Aims and focus

Home > Current research – Living With Data > Aims and focus

abstract image

On Living With Data we aim to: 

  1. advance understanding of people’s knowledge, experiences and perceptions of data practices, by asking What do different people know and feel about specific data-related practices in different domains of everyday life?
  2. advance understanding of people’s perspectives on how data-related practices could be improved, by asking What do fair data practices look like, from non-experts’ perspectives?
  3. share findings with relevant stakeholders.


We will take selected public sector data practices which relate to healthcare, accessing public services and media use as a starting point for our empirical research. We have selected cases from the public sector because its data practices increasingly shape everyday life experiences, and yet they have received less attention than high profile commercial data practices. The Digital Economy Act (of April 2017), which enables data sharing across government departments, is one indication of the public sector’s growing use of data and of the pressing need to understand what public sector organisations do with data about the public and related consequences.

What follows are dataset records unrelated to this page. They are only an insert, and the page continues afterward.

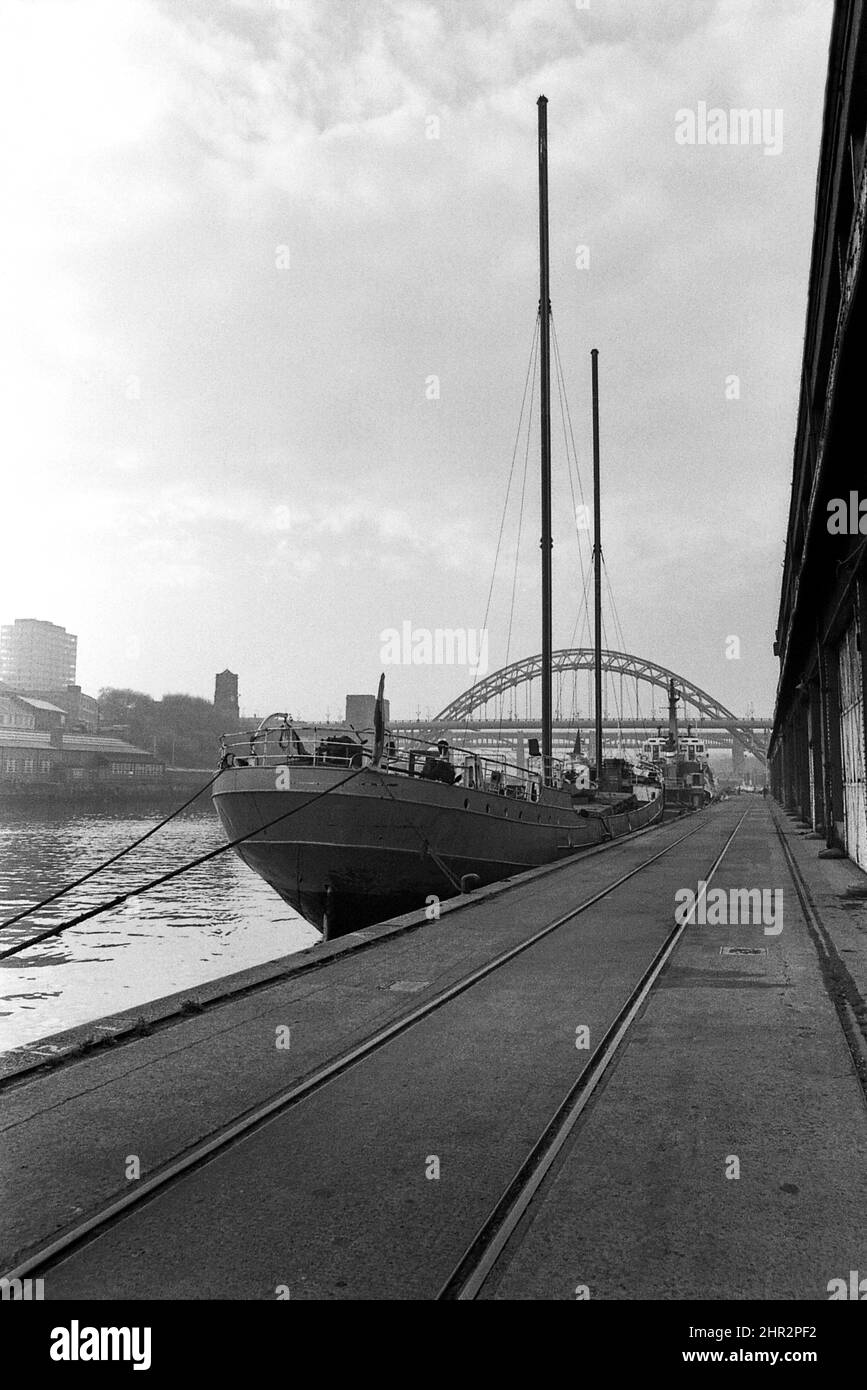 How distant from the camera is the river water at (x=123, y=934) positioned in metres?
15.6

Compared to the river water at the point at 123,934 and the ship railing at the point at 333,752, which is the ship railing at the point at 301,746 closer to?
the ship railing at the point at 333,752

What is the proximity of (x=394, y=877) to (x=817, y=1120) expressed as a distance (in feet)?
38.8

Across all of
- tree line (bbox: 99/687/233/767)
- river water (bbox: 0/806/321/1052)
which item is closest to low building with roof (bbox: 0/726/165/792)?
tree line (bbox: 99/687/233/767)

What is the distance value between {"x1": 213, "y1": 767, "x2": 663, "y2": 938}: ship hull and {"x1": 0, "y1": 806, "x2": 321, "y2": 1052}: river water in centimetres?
317

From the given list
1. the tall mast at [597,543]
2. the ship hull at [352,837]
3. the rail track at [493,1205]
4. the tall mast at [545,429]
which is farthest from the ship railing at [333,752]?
the tall mast at [597,543]

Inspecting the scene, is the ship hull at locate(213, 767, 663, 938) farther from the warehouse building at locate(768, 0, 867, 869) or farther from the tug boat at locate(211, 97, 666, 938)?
the warehouse building at locate(768, 0, 867, 869)

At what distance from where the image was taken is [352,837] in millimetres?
15805

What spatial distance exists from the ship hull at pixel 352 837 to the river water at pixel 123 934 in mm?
3166

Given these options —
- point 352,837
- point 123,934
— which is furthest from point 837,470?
point 123,934

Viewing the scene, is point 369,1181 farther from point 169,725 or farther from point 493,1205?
point 169,725

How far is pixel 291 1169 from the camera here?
436cm

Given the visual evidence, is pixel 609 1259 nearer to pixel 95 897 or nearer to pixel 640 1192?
pixel 640 1192

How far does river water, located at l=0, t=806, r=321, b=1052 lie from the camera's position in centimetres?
1555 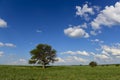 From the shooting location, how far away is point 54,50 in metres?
116

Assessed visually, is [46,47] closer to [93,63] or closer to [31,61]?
[31,61]

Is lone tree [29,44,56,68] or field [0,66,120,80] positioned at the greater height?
lone tree [29,44,56,68]

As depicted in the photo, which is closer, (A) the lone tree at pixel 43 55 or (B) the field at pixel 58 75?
(B) the field at pixel 58 75

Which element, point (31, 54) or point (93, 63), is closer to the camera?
point (31, 54)

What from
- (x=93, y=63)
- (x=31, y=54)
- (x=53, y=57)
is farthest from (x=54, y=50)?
(x=93, y=63)

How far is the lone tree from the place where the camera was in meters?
113

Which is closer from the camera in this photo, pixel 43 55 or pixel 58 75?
pixel 58 75

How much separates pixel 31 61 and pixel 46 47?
974 centimetres

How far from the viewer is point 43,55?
11262 cm

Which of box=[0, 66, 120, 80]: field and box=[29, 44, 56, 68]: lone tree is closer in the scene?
box=[0, 66, 120, 80]: field

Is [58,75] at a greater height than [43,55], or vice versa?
[43,55]

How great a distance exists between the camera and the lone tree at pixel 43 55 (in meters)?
113

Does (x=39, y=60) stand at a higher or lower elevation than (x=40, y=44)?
lower

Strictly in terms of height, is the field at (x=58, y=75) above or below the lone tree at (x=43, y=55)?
below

A small number of researchers have recently noted that disadvantaged populations are more likely to experience datafication negatively than others (eg Eubanks 2017, Noble 2018). It is therefore important to take account of how social inequalities may lead to different experiences and perceptions of data and related practices. Hence we ask what different people know and feel about data practices, to enable us to focus on the views and experiences of disadvantaged populations. We will oversample disadvantaged groups for inclusion in our research. Published research (eg Eubanks 2017) highlights how class and race contribute to differential data experiences; pilot research by team member Kennedy and others has identified the importance of age and ability. Thus we will prioritise these four factors, and gender and sexuality, two other known indicators of disadvantage. 


Eubanks, V. (2017) Automating Inequality: How High-Tech Tools Profile, Police and Punish the Poor. St Martins Press: New York.

Noble, S. (2018) Algorithms of Oppression: How Search Engines Reinforce Racism. New York University Press: New York.